Exercise requirements:
Can the lines below, from the one that holds "Futago-tachi no Shojijou" to the very end, be echoed exactly, with both ends included and no pictures?

Recorded data:
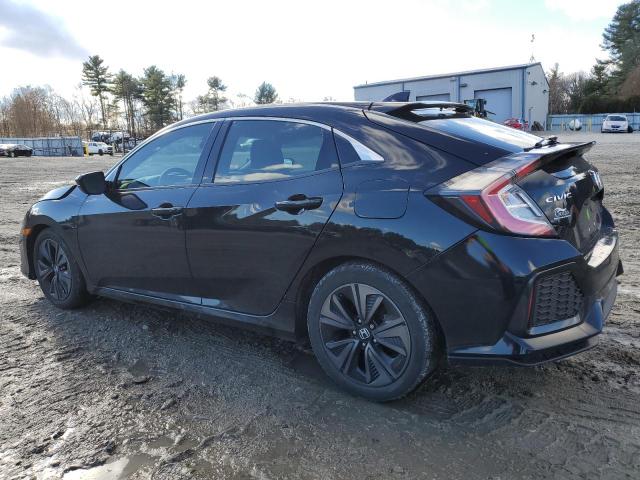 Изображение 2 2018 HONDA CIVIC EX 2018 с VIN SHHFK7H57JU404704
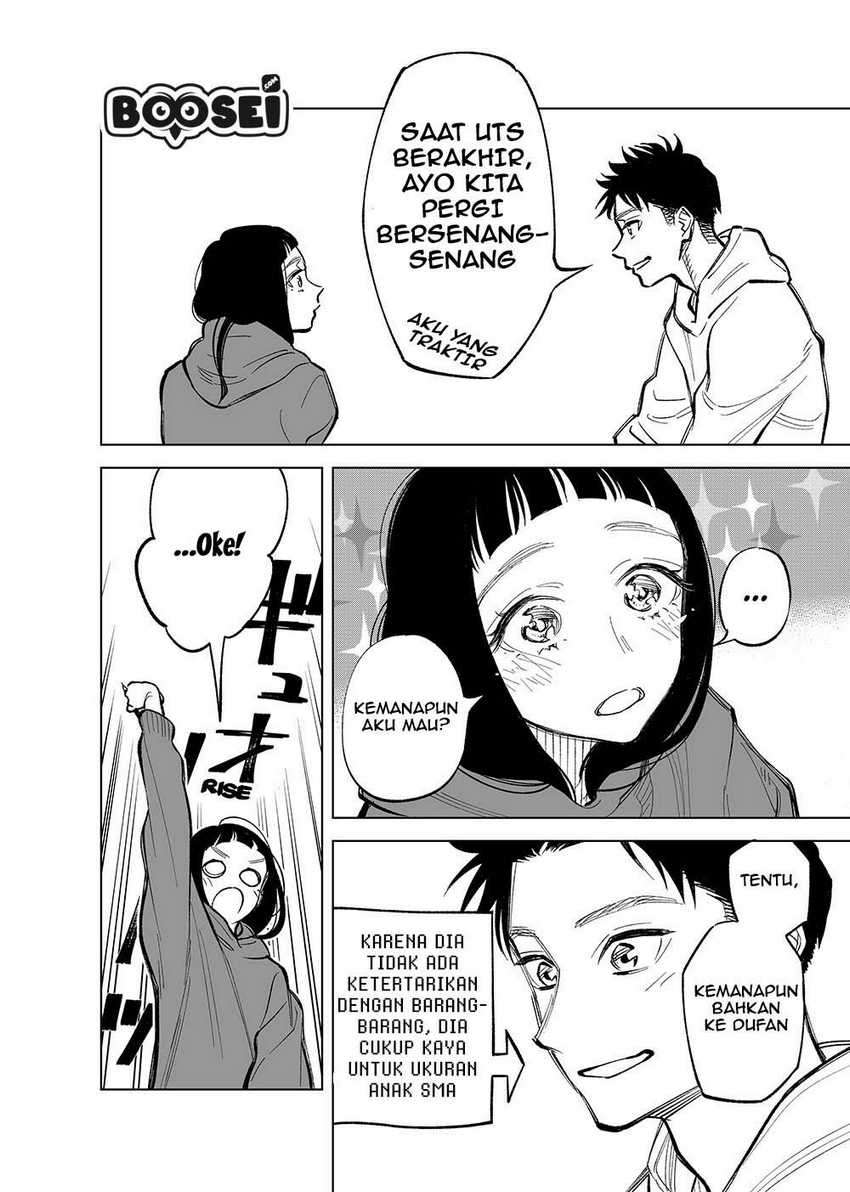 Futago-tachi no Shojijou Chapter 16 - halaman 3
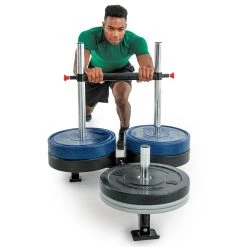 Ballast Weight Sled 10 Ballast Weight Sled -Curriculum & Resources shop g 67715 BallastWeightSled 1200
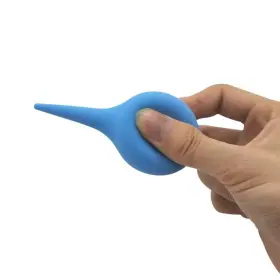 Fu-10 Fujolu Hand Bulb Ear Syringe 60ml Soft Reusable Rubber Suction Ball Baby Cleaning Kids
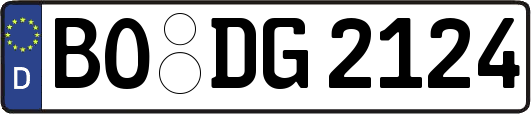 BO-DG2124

Written solution:
 Futago-tachi no Shojijou Chapter 16 - halaman 3
 Ballast Weight Sled 10 Ballast Weight Sled -Curriculum & Resources shop g 67715 BallastWeightSled 1200
 Fu-10 Fujolu Hand Bulb Ear Syringe 60ml Soft Reusable Rubber Suction Ball Baby Cleaning Kids
 BO-DG2124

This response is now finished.